Pinterest, the startup whose app lets people pin photos and other content to boards and even buy things shown in pins, today announced that the buy buttons that first appeared on the app are now coming to the web version. The startup is also adding a shopping bag that will follow you across devices.
Pinterest introduced buyable pins last year, and today Pinterest president Tim Kendall demonstrated the updates for reporters at a briefing at Pinterest’s San Francisco headquarters.
The bag is a modern implementation of a shopping cart — no longer will Pinterest exclusively be letting its partners handle purchasing. There’s even a new Pinterest Shop, with sections for Top Shops from vendors, Pinterest commerce product marketer Amy Vener wrote in a blog post.
For buyable pins, you can now see other products from specific vendors. So for a pin of a Kate Spade bag, you’ll see below the pin a few other bags from Kate Spade.

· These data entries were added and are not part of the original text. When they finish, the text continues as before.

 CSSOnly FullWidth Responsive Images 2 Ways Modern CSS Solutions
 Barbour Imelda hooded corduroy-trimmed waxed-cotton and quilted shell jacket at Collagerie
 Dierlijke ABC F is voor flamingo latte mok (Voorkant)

Pinterest also introduced an enhancement to its visual search capability, which started rolling out last year. Starting on the Pinterest iOS app, users will be able to tap the camera button at the right of the search box and open up the camera on the mobile device and shoot a picture of something they’re interested in.

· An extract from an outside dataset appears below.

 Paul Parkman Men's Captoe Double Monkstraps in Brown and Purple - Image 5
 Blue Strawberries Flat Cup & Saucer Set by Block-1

From there, the app will respond by showing dots over some of the objects that are recognized in the picture. Users can then tap on those dots to get those objects highlighted and see pins below that are similar to what’s highlighted. There are also tags for words that describe the objects detected in the image.
And the usual process of running a visual search within a pin has also changed a bit. You won’t need to hit the visual search button at the top right of the image and then manually highlight an area; just like with visual search using the camera, you can just tap the dots that are already placed on the image for you.

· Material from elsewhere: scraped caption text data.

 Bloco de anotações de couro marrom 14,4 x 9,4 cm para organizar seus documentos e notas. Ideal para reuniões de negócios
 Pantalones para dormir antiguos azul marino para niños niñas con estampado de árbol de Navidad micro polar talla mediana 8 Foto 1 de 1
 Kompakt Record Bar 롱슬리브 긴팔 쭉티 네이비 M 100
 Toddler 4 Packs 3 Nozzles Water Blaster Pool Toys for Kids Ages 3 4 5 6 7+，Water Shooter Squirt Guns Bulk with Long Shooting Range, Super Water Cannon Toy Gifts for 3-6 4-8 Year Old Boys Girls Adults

The technology is based on deep learning, a type of artificial intelligence that involves training artificial neural networks on lots of data (like photos) and then getting them to make inferences about new data. The specific implementation includes convolutional neural networks as well as residual networks, said Dmitry Kislyuk, a software engineer on Pinterest’s visual search team.
People make 130 million visual searches per month, Kislyuk said. An engineering blog post has more detail on the latest from Pinterest visual search.